Veteran of the Process Wars

Tokyo. I’m still in Tokyo. I wake up, rub the sleep from my eyes, and roll out of bed. As I rise I take a quick look at my watch for any new emails. Nothing. There’s not much email anymore. Not since the process wars of 2016.

Many people won’t talk about the process wars. They changed the way most of the InfoTech industry works and how we are allowed to think of our jobs. In the past, I might have been responsible for running hundreds of servers. Now, the machines are in charge. I’m only allowed to feed the machines code.

We are grouped together in small teams that write code as a unit. We are “kept in line” by dogs that are trained to attack us. They say it’s for our own good. That it’s for the betterment of industry. If we try to touch the servers, if we try to do anything other than write code and feed it to the machines, the dogs will bite us.

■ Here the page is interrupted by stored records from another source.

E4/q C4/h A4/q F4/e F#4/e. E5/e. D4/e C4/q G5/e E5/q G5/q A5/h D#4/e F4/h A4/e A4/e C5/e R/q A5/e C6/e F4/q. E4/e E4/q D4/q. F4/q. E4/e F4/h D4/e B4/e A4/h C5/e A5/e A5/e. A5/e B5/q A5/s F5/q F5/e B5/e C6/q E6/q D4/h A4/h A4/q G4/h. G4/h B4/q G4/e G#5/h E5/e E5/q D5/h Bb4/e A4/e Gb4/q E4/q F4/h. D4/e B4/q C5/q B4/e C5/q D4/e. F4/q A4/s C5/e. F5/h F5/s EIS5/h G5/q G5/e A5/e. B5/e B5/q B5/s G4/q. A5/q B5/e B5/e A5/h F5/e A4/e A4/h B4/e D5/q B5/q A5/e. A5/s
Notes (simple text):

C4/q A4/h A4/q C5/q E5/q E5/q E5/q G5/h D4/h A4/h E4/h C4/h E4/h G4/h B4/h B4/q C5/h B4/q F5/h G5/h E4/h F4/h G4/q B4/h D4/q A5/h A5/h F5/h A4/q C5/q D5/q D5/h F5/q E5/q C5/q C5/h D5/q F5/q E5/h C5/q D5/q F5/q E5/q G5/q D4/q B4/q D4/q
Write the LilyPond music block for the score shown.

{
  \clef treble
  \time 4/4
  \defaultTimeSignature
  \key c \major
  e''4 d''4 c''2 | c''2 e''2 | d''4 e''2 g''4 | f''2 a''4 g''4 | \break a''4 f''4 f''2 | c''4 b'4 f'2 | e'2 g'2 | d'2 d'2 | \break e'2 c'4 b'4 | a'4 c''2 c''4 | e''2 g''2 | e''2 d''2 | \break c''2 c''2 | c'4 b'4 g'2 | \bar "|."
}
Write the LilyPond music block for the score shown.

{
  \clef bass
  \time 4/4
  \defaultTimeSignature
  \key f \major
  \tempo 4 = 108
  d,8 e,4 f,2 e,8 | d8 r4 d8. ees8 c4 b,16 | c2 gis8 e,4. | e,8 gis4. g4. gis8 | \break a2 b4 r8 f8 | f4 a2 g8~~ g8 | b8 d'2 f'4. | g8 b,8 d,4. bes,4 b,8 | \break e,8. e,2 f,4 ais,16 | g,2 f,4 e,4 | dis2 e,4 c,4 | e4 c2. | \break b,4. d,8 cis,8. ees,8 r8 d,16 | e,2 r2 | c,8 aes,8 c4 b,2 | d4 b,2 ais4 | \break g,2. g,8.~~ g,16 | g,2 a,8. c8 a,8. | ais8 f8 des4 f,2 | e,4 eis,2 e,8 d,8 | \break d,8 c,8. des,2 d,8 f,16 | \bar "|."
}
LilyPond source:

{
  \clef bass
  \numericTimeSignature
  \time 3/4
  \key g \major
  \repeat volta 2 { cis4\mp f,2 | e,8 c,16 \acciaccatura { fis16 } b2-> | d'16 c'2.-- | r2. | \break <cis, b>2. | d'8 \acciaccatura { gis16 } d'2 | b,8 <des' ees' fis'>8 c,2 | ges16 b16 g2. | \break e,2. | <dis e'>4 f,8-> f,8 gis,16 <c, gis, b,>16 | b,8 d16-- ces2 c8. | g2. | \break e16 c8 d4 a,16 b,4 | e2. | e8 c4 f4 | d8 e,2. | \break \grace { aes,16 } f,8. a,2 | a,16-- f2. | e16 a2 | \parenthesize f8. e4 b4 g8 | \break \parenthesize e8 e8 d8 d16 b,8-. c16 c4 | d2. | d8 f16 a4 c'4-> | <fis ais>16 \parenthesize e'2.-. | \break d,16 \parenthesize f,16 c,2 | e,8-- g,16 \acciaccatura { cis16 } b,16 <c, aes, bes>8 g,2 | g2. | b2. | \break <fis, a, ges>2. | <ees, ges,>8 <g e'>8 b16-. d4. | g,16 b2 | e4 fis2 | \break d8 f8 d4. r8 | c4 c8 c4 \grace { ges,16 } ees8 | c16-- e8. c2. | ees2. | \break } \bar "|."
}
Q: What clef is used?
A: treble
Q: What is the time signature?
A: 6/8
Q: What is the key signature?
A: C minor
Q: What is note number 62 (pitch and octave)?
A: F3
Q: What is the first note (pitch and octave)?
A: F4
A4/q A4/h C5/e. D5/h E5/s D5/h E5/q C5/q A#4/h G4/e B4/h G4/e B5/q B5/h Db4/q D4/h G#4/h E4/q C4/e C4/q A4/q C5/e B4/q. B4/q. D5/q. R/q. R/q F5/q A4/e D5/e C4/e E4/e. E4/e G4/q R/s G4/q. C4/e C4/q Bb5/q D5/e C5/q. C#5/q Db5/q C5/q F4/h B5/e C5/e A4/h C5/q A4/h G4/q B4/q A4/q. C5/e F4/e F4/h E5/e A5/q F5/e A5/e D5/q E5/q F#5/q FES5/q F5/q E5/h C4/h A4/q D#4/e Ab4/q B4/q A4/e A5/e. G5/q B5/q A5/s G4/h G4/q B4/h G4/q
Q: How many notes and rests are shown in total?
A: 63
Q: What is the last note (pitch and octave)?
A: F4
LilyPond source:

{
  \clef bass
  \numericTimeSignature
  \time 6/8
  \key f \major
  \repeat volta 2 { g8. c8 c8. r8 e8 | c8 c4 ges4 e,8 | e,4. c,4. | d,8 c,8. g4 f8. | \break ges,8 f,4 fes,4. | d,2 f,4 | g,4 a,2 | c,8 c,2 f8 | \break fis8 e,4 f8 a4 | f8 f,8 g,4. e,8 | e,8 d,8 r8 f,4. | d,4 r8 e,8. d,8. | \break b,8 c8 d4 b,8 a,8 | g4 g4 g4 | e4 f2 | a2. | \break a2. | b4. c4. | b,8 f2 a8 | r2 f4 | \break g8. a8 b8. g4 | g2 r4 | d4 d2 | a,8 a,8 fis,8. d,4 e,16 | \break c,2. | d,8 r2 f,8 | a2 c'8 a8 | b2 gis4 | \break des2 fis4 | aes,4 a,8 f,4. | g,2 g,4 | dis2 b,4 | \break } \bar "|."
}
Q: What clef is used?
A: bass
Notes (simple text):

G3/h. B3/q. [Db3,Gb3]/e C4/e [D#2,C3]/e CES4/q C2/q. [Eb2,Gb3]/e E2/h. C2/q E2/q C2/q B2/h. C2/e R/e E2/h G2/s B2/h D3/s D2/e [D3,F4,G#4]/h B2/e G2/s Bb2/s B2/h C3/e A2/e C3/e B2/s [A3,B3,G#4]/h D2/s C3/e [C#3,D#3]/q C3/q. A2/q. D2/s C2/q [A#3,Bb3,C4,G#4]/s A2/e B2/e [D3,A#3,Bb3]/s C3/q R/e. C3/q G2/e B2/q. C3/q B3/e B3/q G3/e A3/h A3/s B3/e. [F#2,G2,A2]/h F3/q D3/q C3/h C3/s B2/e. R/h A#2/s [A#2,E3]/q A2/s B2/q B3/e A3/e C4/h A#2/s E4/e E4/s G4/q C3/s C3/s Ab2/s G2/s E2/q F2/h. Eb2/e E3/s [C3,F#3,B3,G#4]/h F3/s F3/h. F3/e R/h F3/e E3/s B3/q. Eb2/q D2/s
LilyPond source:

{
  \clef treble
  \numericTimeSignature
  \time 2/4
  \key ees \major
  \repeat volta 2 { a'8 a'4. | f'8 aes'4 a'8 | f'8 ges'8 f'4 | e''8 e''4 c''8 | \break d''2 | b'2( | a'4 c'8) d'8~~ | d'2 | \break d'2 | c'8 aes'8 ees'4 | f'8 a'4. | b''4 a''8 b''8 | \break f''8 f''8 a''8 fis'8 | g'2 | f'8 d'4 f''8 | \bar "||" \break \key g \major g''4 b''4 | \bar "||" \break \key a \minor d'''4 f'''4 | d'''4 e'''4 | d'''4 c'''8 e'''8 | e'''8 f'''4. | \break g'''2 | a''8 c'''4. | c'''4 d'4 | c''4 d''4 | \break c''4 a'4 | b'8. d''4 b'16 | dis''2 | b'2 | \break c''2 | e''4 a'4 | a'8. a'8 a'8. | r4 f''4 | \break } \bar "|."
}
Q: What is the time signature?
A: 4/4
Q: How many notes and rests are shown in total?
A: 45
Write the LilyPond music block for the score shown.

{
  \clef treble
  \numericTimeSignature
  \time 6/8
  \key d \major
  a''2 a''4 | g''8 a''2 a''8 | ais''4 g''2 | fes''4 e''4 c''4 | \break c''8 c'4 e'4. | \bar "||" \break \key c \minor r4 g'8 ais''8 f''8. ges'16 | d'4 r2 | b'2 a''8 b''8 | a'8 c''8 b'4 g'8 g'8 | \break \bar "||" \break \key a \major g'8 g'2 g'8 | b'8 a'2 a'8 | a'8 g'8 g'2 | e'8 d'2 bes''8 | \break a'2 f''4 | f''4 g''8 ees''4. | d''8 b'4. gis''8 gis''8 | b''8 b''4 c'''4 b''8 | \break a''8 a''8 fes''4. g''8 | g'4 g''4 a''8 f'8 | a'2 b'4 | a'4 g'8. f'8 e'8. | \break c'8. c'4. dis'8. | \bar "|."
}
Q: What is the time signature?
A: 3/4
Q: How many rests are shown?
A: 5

We are kept in line by process and controls, but not like we used to be kept in check. Before, we used to have weekly meetings reviewing the work we wanted to perform. The meetings were always a joke amongst my peers. Typically they were run by a VP that had no clue what we wanted to change on the machines. If we wanted something bad enough, we could social engineer our way to what we wanted.

No more today. When we write the code to feed the machines, we have to write tests. They tell us these tests are for our own good. The tests confirm that the machines are set up exactly how they want them to be. We actually write the tests first, and they always fail the first time through. Then we write code to bring the tests into compliance.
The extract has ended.